=== Material for the task ===

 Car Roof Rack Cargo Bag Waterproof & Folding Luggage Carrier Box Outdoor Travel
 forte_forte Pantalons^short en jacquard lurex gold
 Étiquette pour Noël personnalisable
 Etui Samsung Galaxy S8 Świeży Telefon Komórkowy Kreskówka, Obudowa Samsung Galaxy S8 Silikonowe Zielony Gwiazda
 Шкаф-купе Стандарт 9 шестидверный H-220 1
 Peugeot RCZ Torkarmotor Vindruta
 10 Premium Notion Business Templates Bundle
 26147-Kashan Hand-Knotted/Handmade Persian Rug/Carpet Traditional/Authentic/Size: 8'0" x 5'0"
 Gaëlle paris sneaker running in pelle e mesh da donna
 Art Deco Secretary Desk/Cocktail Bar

===

### What is being asked
Provide a verbatim reproduction of all the records.

### Answer space
 Car Roof Rack Cargo Bag Waterproof & Folding Luggage Carrier Box Outdoor Travel
 forte_forte Pantalons^short en jacquard lurex gold
 Étiquette pour Noël personnalisable
 Etui Samsung Galaxy S8 Świeży Telefon Komórkowy Kreskówka, Obudowa Samsung Galaxy S8 Silikonowe Zielony Gwiazda
 Шкаф-купе Стандарт 9 шестидверный H-220 1
 Peugeot RCZ Torkarmotor Vindruta
 10 Premium Notion Business Templates Bundle
 26147-Kashan Hand-Knotted/Handmade Persian Rug/Carpet Traditional/Authentic/Size: 8'0" x 5'0"
 Gaëlle paris sneaker running in pelle e mesh da donna
 Art Deco Secretary Desk/Cocktail Bar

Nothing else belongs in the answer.